Eugène Delacroix
French, 1798-1863
Collision of Moorish Horsemen, 1843-44
Oil on canvas
32 x 39"
Walters Art Museum, Baltimore, Bequest of Henry Walters
1931 (37.6)
COMMENTS
A virtual replica of the version refused for the Salon of 1834, this picture nevertheless shows an advance towards a more nuanced and atmospheric manner.
The Salon jury of 1834 rejected the picture by nine votes to six, on 19 February. Nevertheless, Alexandre Decamps warmly defended it in his review of the Salon, illustrating it after a drawing by Delacroix from the painting and writing, "we should have […..] an 'Encounter with the Moorish Horsemen,' in which the action has such an energy, the style is of such a loftiness that the public will see themselves in the drawing."
The subject was evidently inspired by an incident in the first "Powder Races" that Delacroix witnessed while travelling on horseback from Tangier to Meknes in Count de Mornay’s party, and which he described thus in a note dated 6 March in one of his North African sketch-books, "Powder Races on the plains before the river. Two men are shocked; one whose horse touched his ass on the ground."
A scientific inspection undertaken by the Walters Art gallery in 1962 revealed new paint concealing damage caused by over-cleaning, particularly in the sky, in the shadows of the falling drapery of the central rider, and in the white of his horse.
- Lee Johnson, The Paintings of Eugène Delacroix, A Critical Catalog, v.
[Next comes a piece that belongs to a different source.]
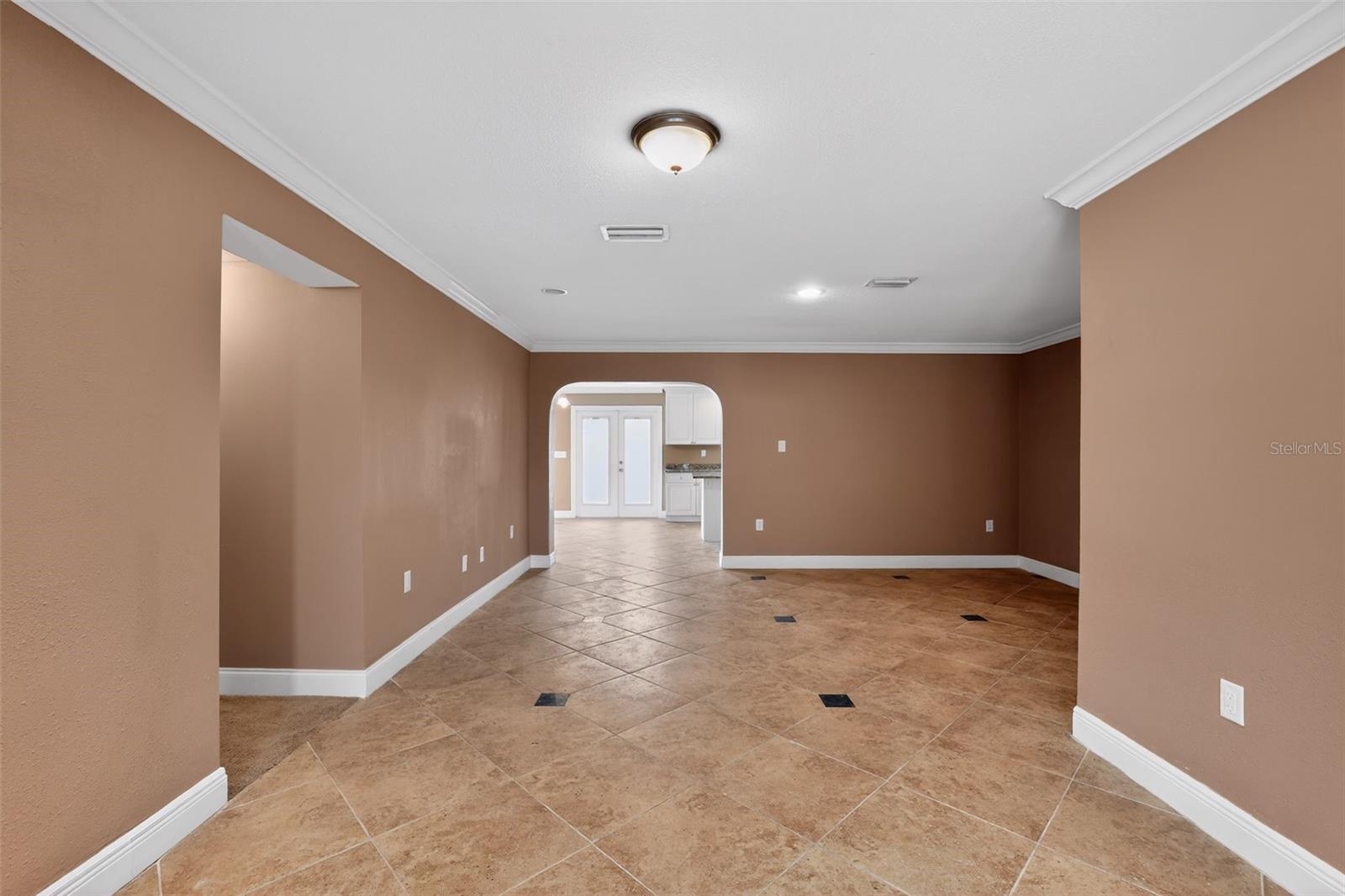 3302 RIVER COVE DR, TAMPA, FL, 33614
III, Oxford, Clarendon Press, 1986, pp. 164-5, 179
SBMA CURATORIAL LABELS
During the journey from Tangier to Meknes, Delacroix witnessed the "course de poudre," a military exercise in which riders launch their horses toward each other at full speed and then abruptly halt after firing their rifles. The horse was a Romantic symbol of the passions, and Delacroix frequently depicted the spirit, energy, and majesty of the animal, particularly in his Orientalist works. Delacroix‘s reconstitution of the event focuses on the wildly violent confrontation of two horses amidst the course, here reinforced by the rebellious energy and movement of the brush, and the tense compacting created by the torsion of the horses‘ diagonal thrust.